Other challenges include absence of synergies within ministries, departments and agencies of government, insufficient information on trade and services, undefined taxes, challenges around Pre-Export Verification of Conformity and absence of Small and Medium Enterprises database, plus the high cost of finance.
The 2018 port transit report places Uganda as the biggest user of the Mombasa port with about 82 per cent of her cargo passing through it. But Ugandan traders also lose their cargo more often whenever they dock at Mombasa port. This is coupled with high demurrage fees.
Since both Kenya and Uganda are key to trade facilitation across the Northern Corridor, they must continue working together. There is also need to increase manpower to ensure seamless movements of cargo.

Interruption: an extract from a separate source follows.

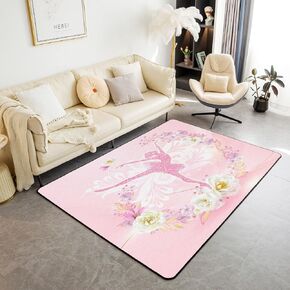jejeloiu Ballet Area Rug 3x5 Kids Floral Flower Decorative Carpet for Boys Girls Room Romantic Rugs for Living Room Bedroom Non-Slip Pink Glitter Indoor Floor Mat Room Decor Accent Rug (No Glitter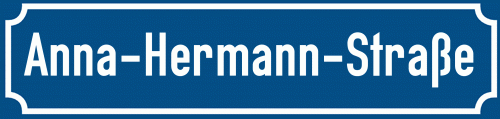 Straßenschild Anna-Hermann-Straße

But there should be synergies among regional member states to implement the trade policies that promote efficient border management and increase regional trade. Additionally, several national laws are yet to be amended to conform to the Common Market Protocol provisions. By 2018, more than 100 laws in the six partner states’ national legislations had not yet been reviewed to conform to the EAC Common Market Protocol. Regional states should also design tangible proposals which mitigate challenges hindering fulfillment of obligations under Trade Facilitation Agreements.
Regional states should move faster in adopting to new technologies to quell NTBs. Information and Communication Technology can create an infrastructure that is open, transparent and reliable.
If this is done well, NTBs affecting imports and export trade would be wiped out.